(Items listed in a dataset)
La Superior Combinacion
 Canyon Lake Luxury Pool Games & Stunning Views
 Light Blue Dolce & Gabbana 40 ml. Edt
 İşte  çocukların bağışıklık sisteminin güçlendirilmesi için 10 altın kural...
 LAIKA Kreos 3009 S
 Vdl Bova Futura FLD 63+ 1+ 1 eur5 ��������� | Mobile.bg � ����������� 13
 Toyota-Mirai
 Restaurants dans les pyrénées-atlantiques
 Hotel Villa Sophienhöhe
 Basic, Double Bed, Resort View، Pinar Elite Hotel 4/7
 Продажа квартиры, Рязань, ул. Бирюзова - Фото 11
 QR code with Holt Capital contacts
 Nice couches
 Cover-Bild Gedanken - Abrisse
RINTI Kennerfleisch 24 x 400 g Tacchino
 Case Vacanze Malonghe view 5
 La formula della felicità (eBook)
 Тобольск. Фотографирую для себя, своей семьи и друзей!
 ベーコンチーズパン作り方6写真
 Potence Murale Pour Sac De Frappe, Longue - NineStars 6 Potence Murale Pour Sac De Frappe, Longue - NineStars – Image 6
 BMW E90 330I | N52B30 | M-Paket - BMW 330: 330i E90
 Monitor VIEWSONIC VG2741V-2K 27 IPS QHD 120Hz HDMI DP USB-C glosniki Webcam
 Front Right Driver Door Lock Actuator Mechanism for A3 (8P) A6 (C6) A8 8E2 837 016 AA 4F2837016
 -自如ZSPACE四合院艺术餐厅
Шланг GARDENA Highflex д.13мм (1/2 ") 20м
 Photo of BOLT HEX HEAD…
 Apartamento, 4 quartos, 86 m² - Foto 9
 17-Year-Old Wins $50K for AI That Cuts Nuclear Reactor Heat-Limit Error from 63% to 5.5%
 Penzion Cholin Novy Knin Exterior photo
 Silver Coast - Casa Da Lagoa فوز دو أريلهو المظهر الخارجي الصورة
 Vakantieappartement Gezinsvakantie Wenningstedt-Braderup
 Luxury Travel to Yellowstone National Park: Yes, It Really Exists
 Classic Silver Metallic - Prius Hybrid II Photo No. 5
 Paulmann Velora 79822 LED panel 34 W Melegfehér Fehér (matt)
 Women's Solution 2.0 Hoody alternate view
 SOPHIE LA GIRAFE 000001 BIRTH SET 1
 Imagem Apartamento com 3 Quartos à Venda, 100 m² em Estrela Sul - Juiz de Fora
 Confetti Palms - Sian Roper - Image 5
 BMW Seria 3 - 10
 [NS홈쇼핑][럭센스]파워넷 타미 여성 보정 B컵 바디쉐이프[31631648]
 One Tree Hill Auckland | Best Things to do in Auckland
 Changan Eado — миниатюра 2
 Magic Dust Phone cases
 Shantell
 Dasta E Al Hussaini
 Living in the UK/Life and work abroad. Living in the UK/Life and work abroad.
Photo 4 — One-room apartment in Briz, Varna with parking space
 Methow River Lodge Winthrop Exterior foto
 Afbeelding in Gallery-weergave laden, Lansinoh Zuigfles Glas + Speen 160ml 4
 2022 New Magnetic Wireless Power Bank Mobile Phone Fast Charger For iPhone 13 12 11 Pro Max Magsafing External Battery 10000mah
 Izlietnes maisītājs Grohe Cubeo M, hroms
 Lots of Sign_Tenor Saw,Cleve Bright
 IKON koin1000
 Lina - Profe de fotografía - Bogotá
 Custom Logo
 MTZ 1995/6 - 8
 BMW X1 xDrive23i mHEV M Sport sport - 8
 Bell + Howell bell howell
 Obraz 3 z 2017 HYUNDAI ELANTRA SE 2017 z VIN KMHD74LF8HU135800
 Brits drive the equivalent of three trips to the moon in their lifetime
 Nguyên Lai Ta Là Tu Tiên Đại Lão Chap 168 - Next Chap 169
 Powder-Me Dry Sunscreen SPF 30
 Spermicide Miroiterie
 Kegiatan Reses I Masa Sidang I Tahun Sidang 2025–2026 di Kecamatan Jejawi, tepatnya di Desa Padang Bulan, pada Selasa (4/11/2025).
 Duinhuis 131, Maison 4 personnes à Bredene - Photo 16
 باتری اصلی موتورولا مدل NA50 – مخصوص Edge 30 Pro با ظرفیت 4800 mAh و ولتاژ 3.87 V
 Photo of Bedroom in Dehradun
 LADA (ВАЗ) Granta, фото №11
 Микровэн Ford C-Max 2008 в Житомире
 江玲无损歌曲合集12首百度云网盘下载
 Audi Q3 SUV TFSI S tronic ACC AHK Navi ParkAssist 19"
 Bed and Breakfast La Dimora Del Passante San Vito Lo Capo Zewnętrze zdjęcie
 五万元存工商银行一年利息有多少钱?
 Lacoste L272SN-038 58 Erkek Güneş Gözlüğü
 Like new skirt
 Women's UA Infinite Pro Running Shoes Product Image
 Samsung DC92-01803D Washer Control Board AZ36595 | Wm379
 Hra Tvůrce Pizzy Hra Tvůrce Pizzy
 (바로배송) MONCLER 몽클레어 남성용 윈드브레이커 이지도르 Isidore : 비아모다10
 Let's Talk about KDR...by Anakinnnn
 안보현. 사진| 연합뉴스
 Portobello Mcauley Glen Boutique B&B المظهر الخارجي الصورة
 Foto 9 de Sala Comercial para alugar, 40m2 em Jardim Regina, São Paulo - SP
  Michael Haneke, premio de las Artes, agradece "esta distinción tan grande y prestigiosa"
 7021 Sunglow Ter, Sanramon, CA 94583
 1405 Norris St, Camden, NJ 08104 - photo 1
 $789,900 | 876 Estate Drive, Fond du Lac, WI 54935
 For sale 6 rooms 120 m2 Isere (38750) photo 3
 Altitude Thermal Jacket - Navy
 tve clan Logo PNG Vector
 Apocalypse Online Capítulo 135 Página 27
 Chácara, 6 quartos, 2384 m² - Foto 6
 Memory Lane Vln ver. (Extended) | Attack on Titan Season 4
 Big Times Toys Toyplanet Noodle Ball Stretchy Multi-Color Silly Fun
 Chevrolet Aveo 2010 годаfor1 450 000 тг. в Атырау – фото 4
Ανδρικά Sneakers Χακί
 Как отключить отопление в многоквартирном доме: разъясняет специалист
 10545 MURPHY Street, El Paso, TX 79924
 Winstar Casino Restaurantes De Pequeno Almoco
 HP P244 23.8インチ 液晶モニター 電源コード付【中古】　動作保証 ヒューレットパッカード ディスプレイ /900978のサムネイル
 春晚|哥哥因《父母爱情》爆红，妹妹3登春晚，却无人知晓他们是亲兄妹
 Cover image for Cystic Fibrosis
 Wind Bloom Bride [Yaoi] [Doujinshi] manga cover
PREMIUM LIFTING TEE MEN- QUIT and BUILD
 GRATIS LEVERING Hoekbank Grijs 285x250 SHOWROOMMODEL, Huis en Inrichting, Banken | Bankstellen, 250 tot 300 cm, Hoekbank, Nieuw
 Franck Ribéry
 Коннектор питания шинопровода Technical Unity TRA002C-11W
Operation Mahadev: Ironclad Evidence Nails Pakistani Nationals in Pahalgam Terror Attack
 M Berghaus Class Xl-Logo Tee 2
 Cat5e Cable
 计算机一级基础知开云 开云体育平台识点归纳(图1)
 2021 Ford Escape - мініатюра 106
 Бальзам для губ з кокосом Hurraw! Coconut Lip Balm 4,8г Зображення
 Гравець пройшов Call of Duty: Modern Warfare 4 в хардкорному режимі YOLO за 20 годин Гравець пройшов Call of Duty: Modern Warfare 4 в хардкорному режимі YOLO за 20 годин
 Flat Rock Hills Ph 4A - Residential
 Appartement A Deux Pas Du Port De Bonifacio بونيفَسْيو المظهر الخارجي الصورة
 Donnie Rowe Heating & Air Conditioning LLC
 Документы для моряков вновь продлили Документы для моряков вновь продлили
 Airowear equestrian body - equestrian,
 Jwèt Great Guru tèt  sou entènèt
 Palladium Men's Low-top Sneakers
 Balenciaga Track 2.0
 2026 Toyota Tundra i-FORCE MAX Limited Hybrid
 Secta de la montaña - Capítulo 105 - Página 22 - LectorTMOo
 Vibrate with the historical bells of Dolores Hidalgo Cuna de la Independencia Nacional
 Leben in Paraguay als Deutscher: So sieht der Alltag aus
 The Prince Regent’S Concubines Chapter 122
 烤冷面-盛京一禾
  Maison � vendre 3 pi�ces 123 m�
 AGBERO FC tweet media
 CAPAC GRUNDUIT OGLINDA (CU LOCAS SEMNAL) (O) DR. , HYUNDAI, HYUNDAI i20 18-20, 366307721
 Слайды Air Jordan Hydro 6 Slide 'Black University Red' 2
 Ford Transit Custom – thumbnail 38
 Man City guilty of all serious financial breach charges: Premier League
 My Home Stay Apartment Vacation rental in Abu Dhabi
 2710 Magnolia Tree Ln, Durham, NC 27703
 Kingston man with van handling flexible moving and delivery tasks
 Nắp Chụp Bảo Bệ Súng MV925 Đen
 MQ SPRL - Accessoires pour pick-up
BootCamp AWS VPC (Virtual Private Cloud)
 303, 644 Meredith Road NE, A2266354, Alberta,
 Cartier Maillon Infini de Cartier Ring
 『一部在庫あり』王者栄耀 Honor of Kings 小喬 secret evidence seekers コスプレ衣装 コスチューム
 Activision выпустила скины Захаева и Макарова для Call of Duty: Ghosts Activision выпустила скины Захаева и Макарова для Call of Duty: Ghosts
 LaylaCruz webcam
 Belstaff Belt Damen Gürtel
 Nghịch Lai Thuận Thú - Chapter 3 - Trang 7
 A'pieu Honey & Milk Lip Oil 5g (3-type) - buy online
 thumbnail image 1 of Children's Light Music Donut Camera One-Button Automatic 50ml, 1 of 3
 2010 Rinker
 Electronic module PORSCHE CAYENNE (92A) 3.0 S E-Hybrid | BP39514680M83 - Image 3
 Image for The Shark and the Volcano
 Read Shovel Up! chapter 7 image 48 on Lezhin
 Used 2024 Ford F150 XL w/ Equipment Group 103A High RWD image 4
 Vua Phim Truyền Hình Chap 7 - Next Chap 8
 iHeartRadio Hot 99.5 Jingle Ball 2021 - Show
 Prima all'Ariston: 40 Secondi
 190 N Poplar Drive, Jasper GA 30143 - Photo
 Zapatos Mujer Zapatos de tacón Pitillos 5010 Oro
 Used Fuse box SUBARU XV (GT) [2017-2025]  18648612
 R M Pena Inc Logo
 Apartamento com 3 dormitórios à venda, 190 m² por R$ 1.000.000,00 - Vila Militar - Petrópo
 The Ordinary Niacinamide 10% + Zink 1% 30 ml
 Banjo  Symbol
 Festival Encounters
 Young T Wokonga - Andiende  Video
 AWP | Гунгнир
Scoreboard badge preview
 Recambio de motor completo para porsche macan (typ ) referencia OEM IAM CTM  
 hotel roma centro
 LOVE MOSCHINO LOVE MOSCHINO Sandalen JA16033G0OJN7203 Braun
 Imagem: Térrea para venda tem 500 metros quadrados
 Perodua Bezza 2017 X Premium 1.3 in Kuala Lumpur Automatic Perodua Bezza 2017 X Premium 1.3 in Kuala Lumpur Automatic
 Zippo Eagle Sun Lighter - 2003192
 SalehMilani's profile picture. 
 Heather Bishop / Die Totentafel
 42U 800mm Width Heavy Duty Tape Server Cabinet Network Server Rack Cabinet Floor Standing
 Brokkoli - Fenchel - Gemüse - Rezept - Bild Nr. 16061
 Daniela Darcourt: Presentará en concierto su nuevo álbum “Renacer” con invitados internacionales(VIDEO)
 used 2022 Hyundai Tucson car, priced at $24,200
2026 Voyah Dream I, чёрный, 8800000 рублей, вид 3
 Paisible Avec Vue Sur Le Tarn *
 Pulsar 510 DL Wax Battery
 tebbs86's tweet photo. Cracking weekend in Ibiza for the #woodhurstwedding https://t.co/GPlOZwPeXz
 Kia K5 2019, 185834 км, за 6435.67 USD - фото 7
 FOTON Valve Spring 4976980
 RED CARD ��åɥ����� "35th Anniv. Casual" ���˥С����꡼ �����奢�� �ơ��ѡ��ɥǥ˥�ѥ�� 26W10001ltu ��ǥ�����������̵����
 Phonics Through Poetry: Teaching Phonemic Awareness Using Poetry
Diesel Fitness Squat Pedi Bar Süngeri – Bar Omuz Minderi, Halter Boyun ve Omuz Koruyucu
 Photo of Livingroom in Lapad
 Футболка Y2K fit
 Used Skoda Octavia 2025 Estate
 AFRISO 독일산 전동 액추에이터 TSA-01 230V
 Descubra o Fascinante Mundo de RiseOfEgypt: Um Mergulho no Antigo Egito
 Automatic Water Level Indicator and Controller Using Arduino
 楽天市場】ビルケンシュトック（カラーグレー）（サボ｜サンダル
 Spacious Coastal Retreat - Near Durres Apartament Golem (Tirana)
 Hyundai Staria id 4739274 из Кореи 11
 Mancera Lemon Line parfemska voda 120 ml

- [Assigned task] Above are the records; copy exactly the lines from the line with "[NS홈쇼핑][럭센스]파워넷 타미 여성 보정 B컵 바디쉐이프[31631648]" through the line with "Women's UA Infinite", both included.

- [Your solution]
 [NS홈쇼핑][럭센스]파워넷 타미 여성 보정 B컵 바디쉐이프[31631648]
 One Tree Hill Auckland | Best Things to do in Auckland
 Changan Eado — миниатюра 2
 Magic Dust Phone cases
 Shantell
 Dasta E Al Hussaini
 Living in the UK/Life and work abroad. Living in the UK/Life and work abroad.
Photo 4 — One-room apartment in Briz, Varna with parking space
 Methow River Lodge Winthrop Exterior foto
 Afbeelding in Gallery-weergave laden, Lansinoh Zuigfles Glas + Speen 160ml 4
 2022 New Magnetic Wireless Power Bank Mobile Phone Fast Charger For iPhone 13 12 11 Pro Max Magsafing External Battery 10000mah
 Izlietnes maisītājs Grohe Cubeo M, hroms
 Lots of Sign_Tenor Saw,Cleve Bright
 IKON koin1000
 Lina - Profe de fotografía - Bogotá
 Custom Logo
 MTZ 1995/6 - 8
 BMW X1 xDrive23i mHEV M Sport sport - 8
 Bell + Howell bell howell
 Obraz 3 z 2017 HYUNDAI ELANTRA SE 2017 z VIN KMHD74LF8HU135800
 Brits drive the equivalent of three trips to the moon in their lifetime
 Nguyên Lai Ta Là Tu Tiên Đại Lão Chap 168 - Next Chap 169
 Powder-Me Dry Sunscreen SPF 30
 Spermicide Miroiterie
 Kegiatan Reses I Masa Sidang I Tahun Sidang 2025–2026 di Kecamatan Jejawi, tepatnya di Desa Padang Bulan, pada Selasa (4/11/2025).
 Duinhuis 131, Maison 4 personnes à Bredene - Photo 16
 باتری اصلی موتورولا مدل NA50 – مخصوص Edge 30 Pro با ظرفیت 4800 mAh و ولتاژ 3.87 V
 Photo of Bedroom in Dehradun
 LADA (ВАЗ) Granta, фото №11
 Микровэн Ford C-Max 2008 в Житомире
 江玲无损歌曲合集12首百度云网盘下载
 Audi Q3 SUV TFSI S tronic ACC AHK Navi ParkAssist 19"
 Bed and Breakfast La Dimora Del Passante San Vito Lo Capo Zewnętrze zdjęcie
 五万元存工商银行一年利息有多少钱?
 Lacoste L272SN-038 58 Erkek Güneş Gözlüğü
 Like new skirt
 Women's UA Infinite Pro Running Shoes Product Image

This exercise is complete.